When Life Gives You Lemons

5:31 AM

4.18 AM - Sleepless Ayas is back. To begin with, this post contains absolutely personal thought and before you stop by only to dig deeper to my personal life and come up with seriously inappropriate judgements after that, I politely ask you to leave. Thank you very much.

Maybe it was my fault for taking a little too much of coffee, maybe it was my fault for skipping dinner, maybe it was my fault for having literally too much to think about. I seriously do not know what state I am in right now and I have no idea of what and who I can rely on. Never in my life I experience this kind of thing before and it undoubtedly shows who I am, I think, from how I would react.

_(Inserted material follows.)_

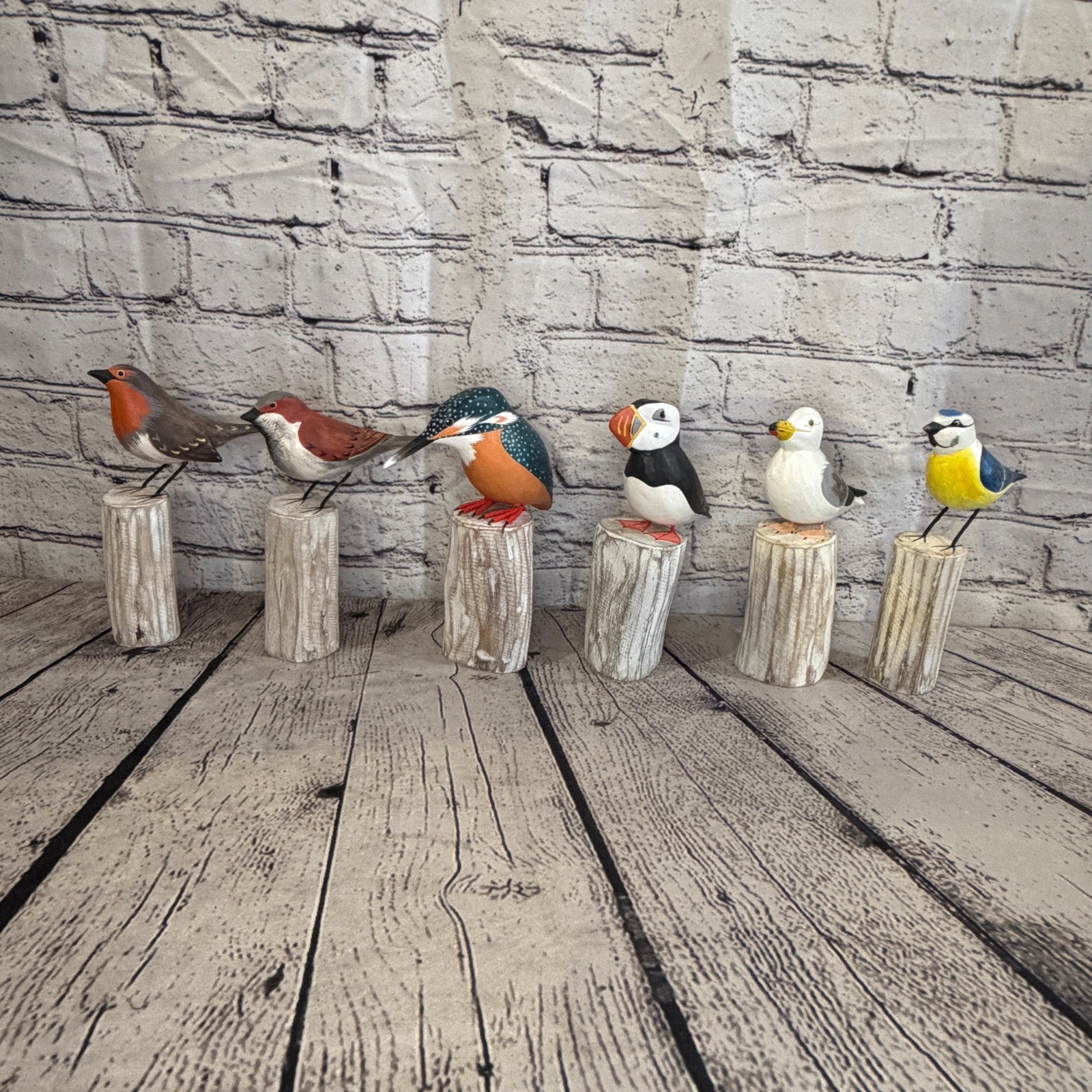 20cm Kingfisher Wooden Bird Ornament Seaside Coastal Nautical Handcrafted Decor9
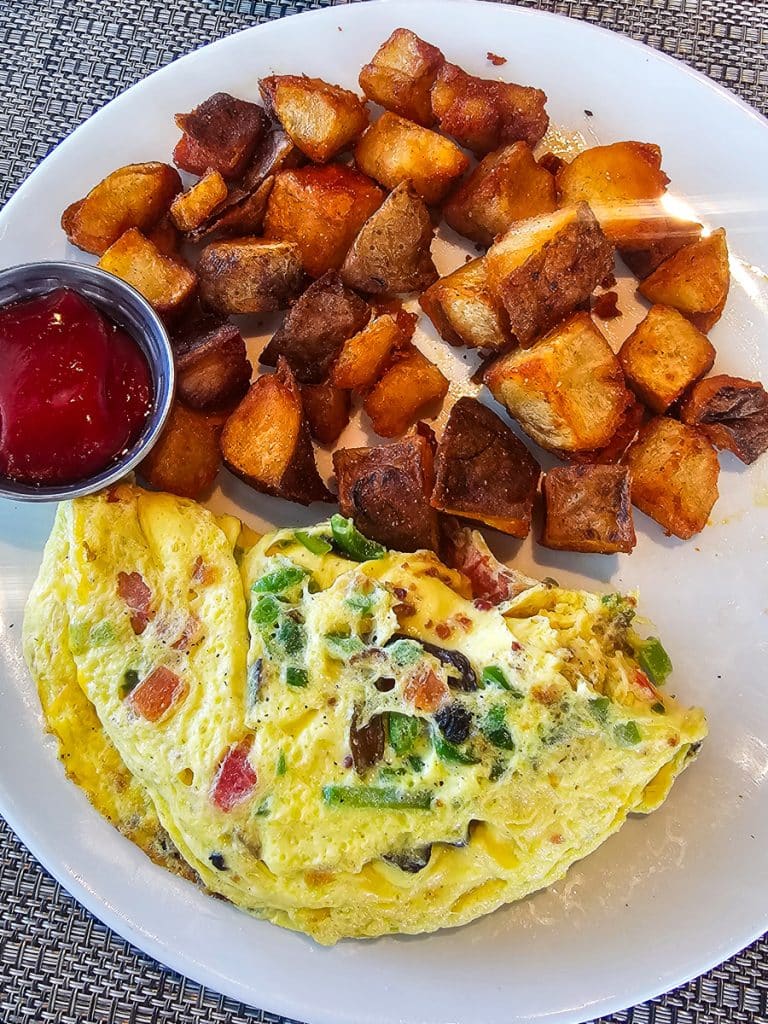 Omelet with potatoes.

A lot of things were happening in a day and, honestly, the thought of asking why would those happen, was the thing that kept me off my bed. Where did I go wrong? Why me? What did I do to deserve all these? And the questions will never stop. Me writing this, without any doubt, would get certain people to think that I am a hopeless, lifeless, pathetic little lady whose only activity is looking for attention. Well, hello there, y'all. I hope your day wasn't as bad as mine and  your cruel thought. I know you're reading this but I don't need your validation to what I'm feeling.

I have heard a lot of lemon jokes, and I didn't take any big deal out of it. Now I know why people made them. Most of the time I keep telling myself that I won't let things get along my way and I believe that it's under my control. But in reality, it's not that simple. A lot can happen without us even noticing and that's the lemon in the lemon jokes. The sour in the life of ours, that moment when you shut your eyes tightly and wrinkle your little nose after tasting acid. I get it now. Lemons alone taste terrible, many of us can't handle its sour but it won't last too long unless you let it. When life gives you lemons, my advice is take it. And if you want, you can either make lemonades, sell them or mix it with iced tea.